In the last of our #changingrisk series, Sarah Gordon warns against vanilla risk appetite statements
Too many organisations use a standard risk appetite statement which states the obvious: That their organisation is averse to potential threats yet is seeking to maximise opportunities. According to Sarah Gordon, chief executive of Satarla, this vanilla approach to risk appetite and tolerance does little to help with day-to-day decision-making.
Speaking as part of StrategicRISK’s #changingrisk series, she advises an altogether different approach. “Risk appetite and tolerance is a mechanism for communicating to our stakeholders,” she explains. “We’re not just communicating to shareholders - we’re increasingly trying to talk to broader stakeholders - everyone with an interest in our organisation.”
Moreover, risk appetite is used to communicate with employees. “It tells staff how much freedom they have to make their own decisions and how much wiggle room the organisation is willing to give them,” she says.

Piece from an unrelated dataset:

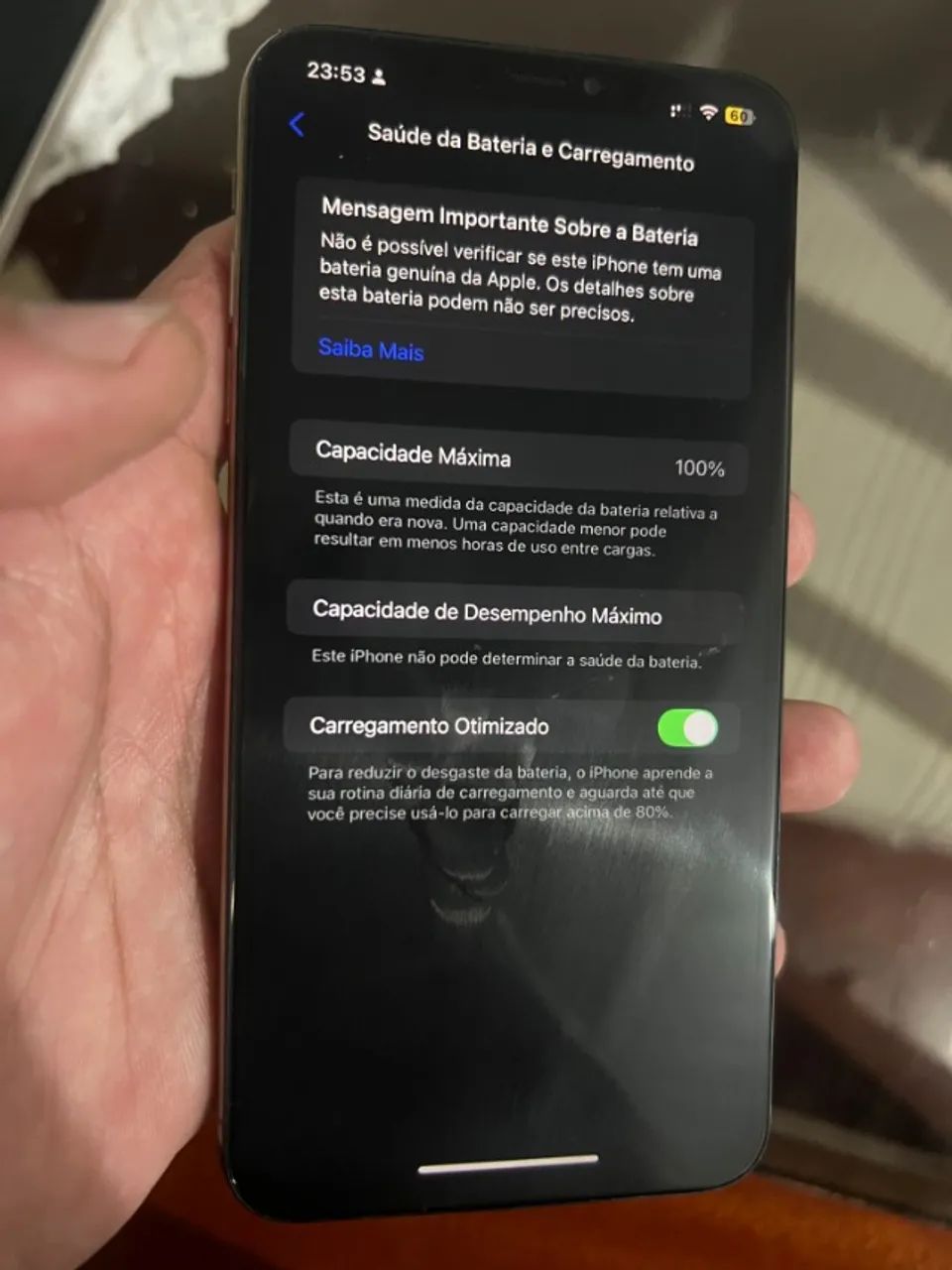 iPhone XS Max 64GB Dourado - Bem Conservado - Bateria Nova - Foto 3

By better operationalising risk appetite and tolerance to support the organisation and its people as they go about their day-to-day business, organisations will be in a much stronger position to move forward. This can be particularly relevant during an economic downturn. ”All of your competitors are also hurting so you’ve got to look at what you can do differently during that downturn to build for the upswing when it comes,” explains Gordon.